Alors je vais essayer d’être le plus simple possible, car le contenu est très dense. Déjà le concept : déstructurer pour libérer. Déstructurer les habitudes, la monotonie, le déjà-vu, mais aussi la médiocrité, le plagiat – c’est mon expérience qui parle – (rires), et le conformisme pour pouvoir libérer enfin un processus créatif qui vienne de soi et qui soit vraiment le fruit d’une identité propre. Dans l’enseignement des principes de ce mouvement, il y a ce désir de permettre à chacun de trouver son soi unique. Après il y a une quête d’absolu, un désir de transcendance. J’aime beaucoup les auteurs du XIXe siècle. Il y a donc un désir de faire un pont entre la tradition et la modernité, et retrouver cette grandeur d’antan tout en permettant de s’encrer dans la modernité.

On parle de créativité spontanée. C’est permettre aux personnes qui vont avoir accès à cet enseignement de pouvoir à la fois écrire, s’exprimer dans toutes les formes d’art de manière spontanée et totalement libérée. C’est comme un lâcher-prise. Moi quand je veux écrire, je prends mon stylo mais je ne sais jamais ce que je vais écrire à l’avance.
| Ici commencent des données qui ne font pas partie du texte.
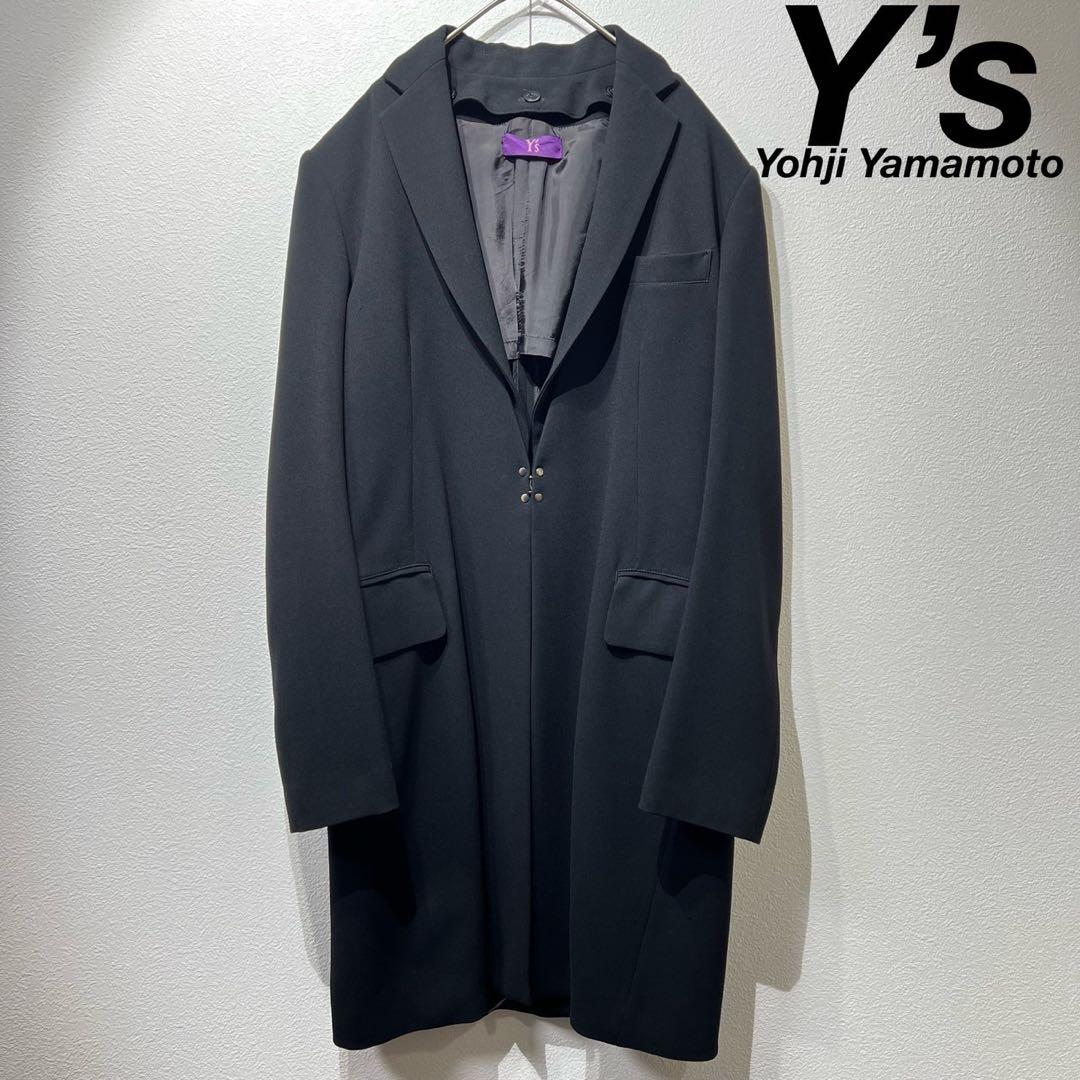 希少 極美品 ワイズ 上質 デザイン 2WAY ホック チェスター ロングコート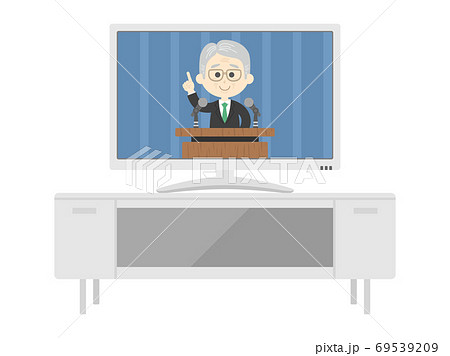 テレビとテレビ台のイラスト テレビとテレビ台のイラスト 69539209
C’est vraiment le fruit de l’instant, une photographie précise du moment, de la créativité pure dans toute sa splendeur. Ce que je dis parfois : c’est comme prendre un instant d’éternité.

Qu’est-ce qui fait que vous pensez que votre mouvement va être suivi ? Qu’est-ce qu’il a de vraiment inédit ?

Il répond à un besoin. Mes activités m’ont donné l’occasion de rencontrer beaucoup de gens de tous les milieux sociaux, et ce que je peux dire, c’est que les gens se cherchent. Les gens ont besoin de créativité, de se sentir vraiment utiles. Et à chaque fois, quand ils découvrent cette capacité qu’ils ont – parce que pour moi tout le monde a une capacité, développée plus ou moins – c’est un moment de bonheur intense.

C’est aussi une approche civilisationnelle, car on a besoin de redévelopper notre esprit critique, redévelopper notre conscience, parce que quand on développe la créativité, c’est une forme de conscience et de spiritualité. La créativité et l’art, pour moi, c’est le sixième sens qu’on développe. Il y a aussi l’idée de la transcendance, de découvrir sa propre profondeur.

Il y a aussi une approche éducative. Introduire un peu de créativité dans l’éducation, je pense que ça peut être très utile. C’est un sujet qui est un peu à l’ordre du jour.

Il y a l’idée également de faire avancer. Non seulement l’instant présent, mais aussi les générations futures. Il faut qu’on se renouvelle. En plus, la créativité, pourquoi c’est une force extraordinaire ? D’abord c’est une innovation sociétale, collective et individuelle. Deuxièmement, ça échappe à l’obsolescence due au progrès technologique. C’est ce qui nous sauvera, et qui sauvera l’humain. Si on veut redévelopper l’humain, ça passe par la créativité. Et là où je pense que nous sommes inédits, c’est que je voudrais que la créativité devienne une norme d’excellente. Elle ne l’est pas. Qu’elle soit vraiment au centre de la société. Et il faut également professionnaliser cette valeur. Il n’y a pas vraiment de profession centrée uniquement sur le créativité. Et donc ça, ça serait aussi révolutionnaire.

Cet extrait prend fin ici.